En 1355 le nom de Guillaume de Lescouet se retrouve, comme libraire cette fois, mêlé à une transaction avec Gui Bodier, recteur de la paroisse de Saint-Malo de Pontoise, au sujet d’un exemplaire de la Légende dorée de Jacques de Voragine, aujourd’hui conservé à la Bibliothèque Carnégie de Reims (ms. 1386) : \ »Dominus Guido Boderii rector parrochialis ecclesie Sancti Macuti de Pontisara, Rothomagensis diocesis, uendidit magistro Guillelmo de Lescouet, notario publico, librario, etc. istam legendam, pro precio VIII scutorum, … anno LVto, die iouis post festum Prurificationis\ ».
Le 23 janvier 1359, Jean de Joy, chapelain de Sainte-Agnes fait une donation, cet acte sera établi dans la maison même de Guillaume de Lescouet, rue Neuve Notre Dame, proche de la cathédrale, là où sont installés généralement libraires et copistes de Paris : \ »acta fuerunt hec in domo habitacionis mei Guillelmi de Lescouet notarii publici infrascripti sita in vico novo beate marie paris.\ »

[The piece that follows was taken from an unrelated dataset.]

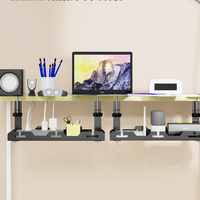 Plateau de gestion de câbles en métal réglable sous le bureau sans perceuse Boîte de gestion de câbles avec pince pour l'organisation du fil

Un document de mars 1363, où Guillaume de Lescouet est qualifié de \ »tabellion du pape\ », nous fait connaître le nom de sa femme : Peronelle Boucher. Ensemble, ils achètent plusieurs rentes sur des maisons dont une appartient aux héritiers de Guillaume Jacques (autre notaire breton) et à Jean Le Boucher (père de Peronelle).

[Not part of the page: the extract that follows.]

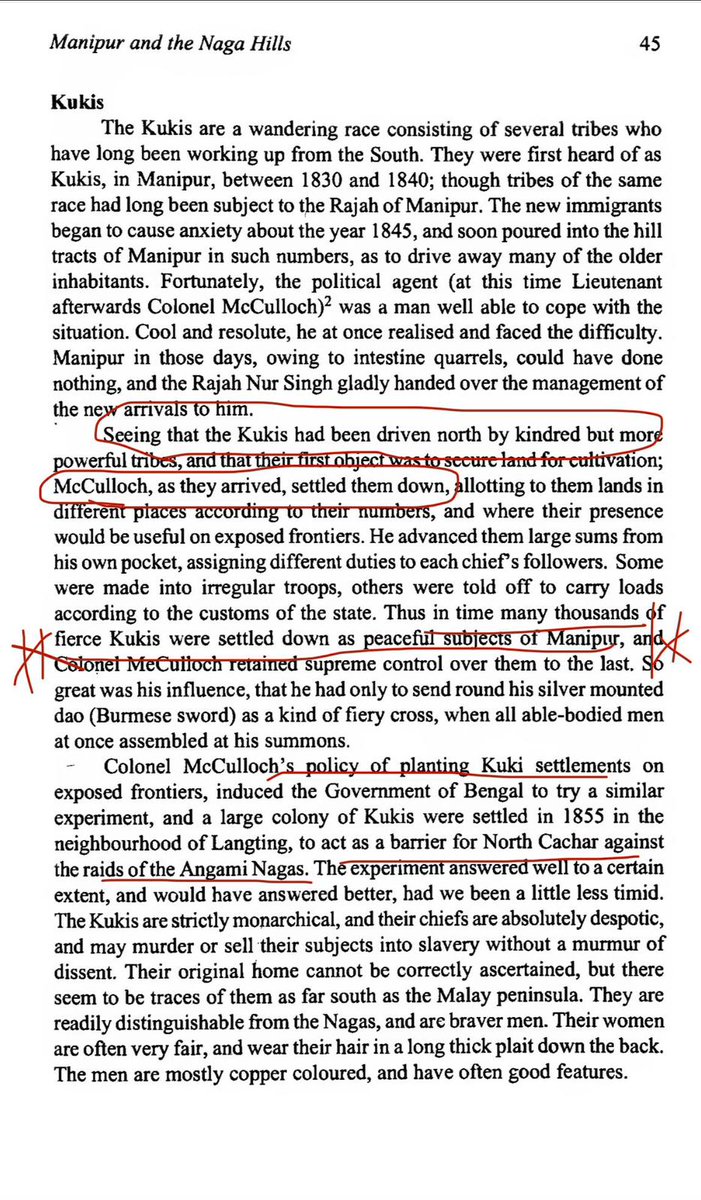 meiteiheritage's tweet photo. 🚨 The Uncomfotable TRUTH of #Kukis migration to #Manipur from British officers & Archived Govt records.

Enfin, dans les lettres patentes de Charles V portant exemption du guet et de la garde des porte de Paris, datées du 5 novembre 1368, figure le nom de Guillaume de Lescouet parmi les 14 libraires listés qui échappaient à cette corvée.
Voici donc quelques éléments biographiques de notre notaire-libraire breton maitre Guillaume de Lescouet qui décéda après 1386, date à laquelle il est encore mentionné dans le Registre des causes civiles de l’officialité épiscopale de Paris.
SOURCES : Paris, Archives nationales, L 715, n° 5 ; M 68, n° 39, 45, 54, 55 ; S 92 ; S* 1647
Guillaume Lesconnet (Lescouvet, de Lescouet) cité dans:
Paul Delalain, Étude sur le libraire Parisien du XIIIe au XVe siècle, Paris, 1891, p. 44.
Richard H. Rouse et Mary A. Rouse, Manuscripts and their Makers. Commercial Book Producers in Medieval Paris, 1200- 1500, Londres, Harvey Miller, 2000, vol. II, p.